In the beginning of the pandemic, most of the centers if not all experienced deferment of elective or semi-elective procedures to accommodate on the rising need of health care worker (HCW) being deployed to the respective units to care for COVID-19 patients. By now, majority centers have started resuming most if not all of the endoscopic procedures in a staggered manner depending on the status of COVID -19 in their region and the availability of personal protective equipment (PPE).

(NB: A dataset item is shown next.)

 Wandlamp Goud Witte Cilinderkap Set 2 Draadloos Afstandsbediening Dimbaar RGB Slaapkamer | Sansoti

This study is sufficiently powered and designed to provide a rapid and robust assessment of EUS during covid pandemic. EUS has paramount role in patient care affecting diagnosis and treatment of patients. Despite the disparaging effect of pandemic, the proportion of patients undergoing EUS was not diminished as highlighted by our study. Reliable testing and triage helped units to maintain commitment for maximizing benefits to patients. Half of patients underwent routine EUS which speaks volumes of tenacious nature of clinicians to overcome detrimental effects [14]. As more data accrue on responses to COVID-19 pandemic, our study helps to clarify the effect of factors affecting advance endoscopy.

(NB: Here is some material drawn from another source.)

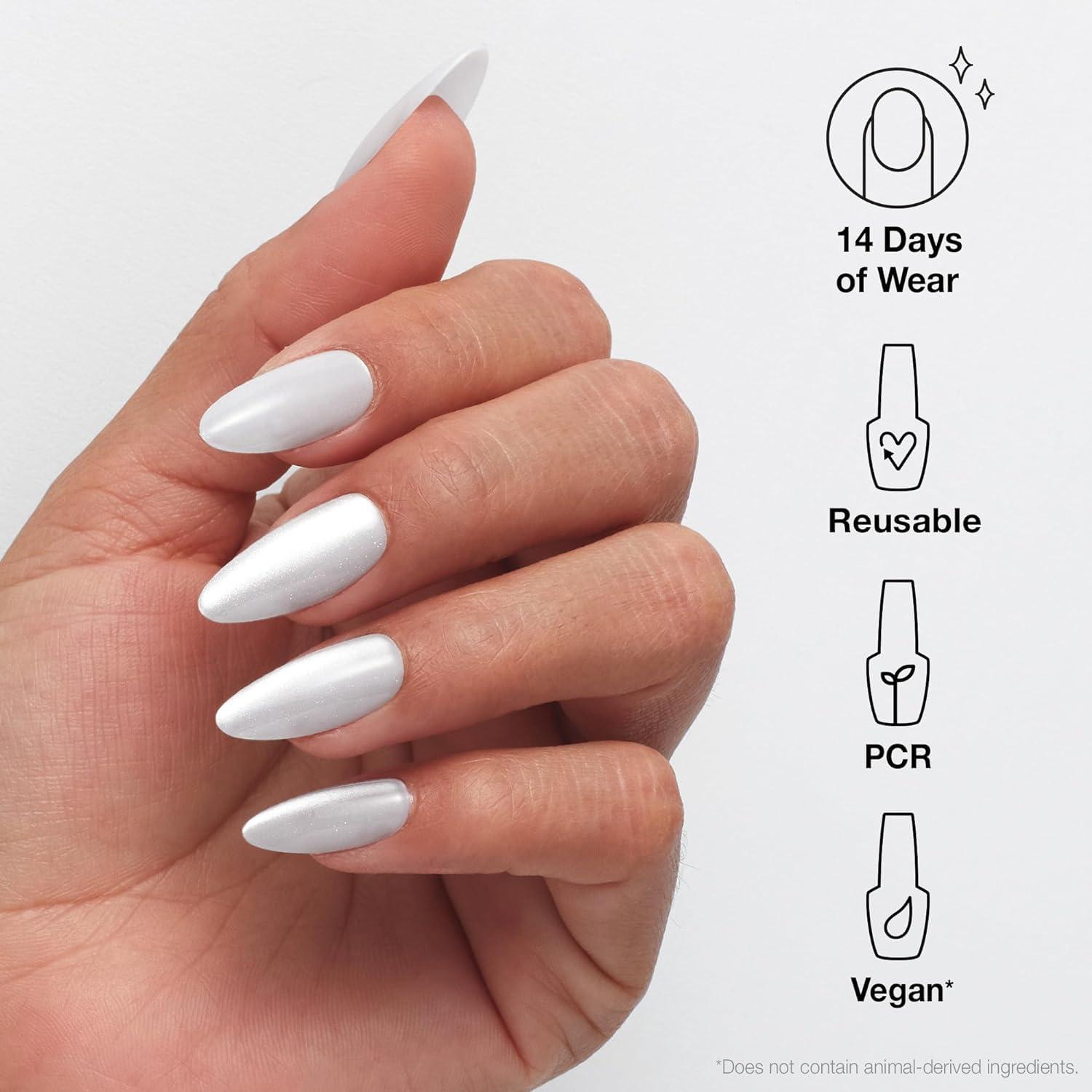 imageOPI xPRESSON Press on Nails  Long Almond Shape Nail Art  30 Count With Glue  Instant GelLike Salon Manicure  Long Lasting Reusable NondamagingGlass Slipper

One more clearly imminent result of this survey is the fundamental value of EUS in management of gastrointestinal malignancies. Despite the detrimental effect of pandemic, all centers kept on performing EUS with resolute as highlighted by the significant number of FNA/FNB done. Findings in this study suggest that mostly linear EUS was used and majority patients underwent one or other therapeutic procedure. Reliable evidence provided by this study elucidates the indications and outcomes of EUS in multiple high-volume centers around the world. Interplay of ERCP with EUS is also highlighted as significant number were referred for EUS after ERCP.

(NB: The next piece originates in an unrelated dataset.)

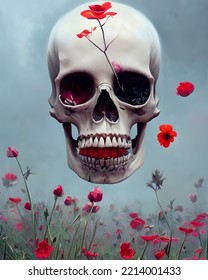 Skeleton Flower Rose Painting Illustration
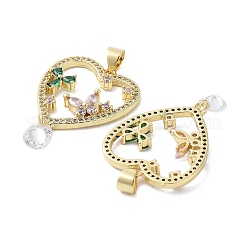 Heart Brass Micro Pave Cubic Zirconia Pendants&nbsp;KK-E102-03G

The limitation of this study includes that, the heterogeneity of cases and distribution of the participating centers and their contribution. However, the large number of patients and the prospective nature of the study would help neutralizing these effects.
Acknowledgment: None
Funding: None
Conflict of interest: None declared.
Ethical consideration: this study was approved by the Institutional review board of the National Liver Institute, Menoufia University, Egypt (NLI IRB 00003413, 00203/2020).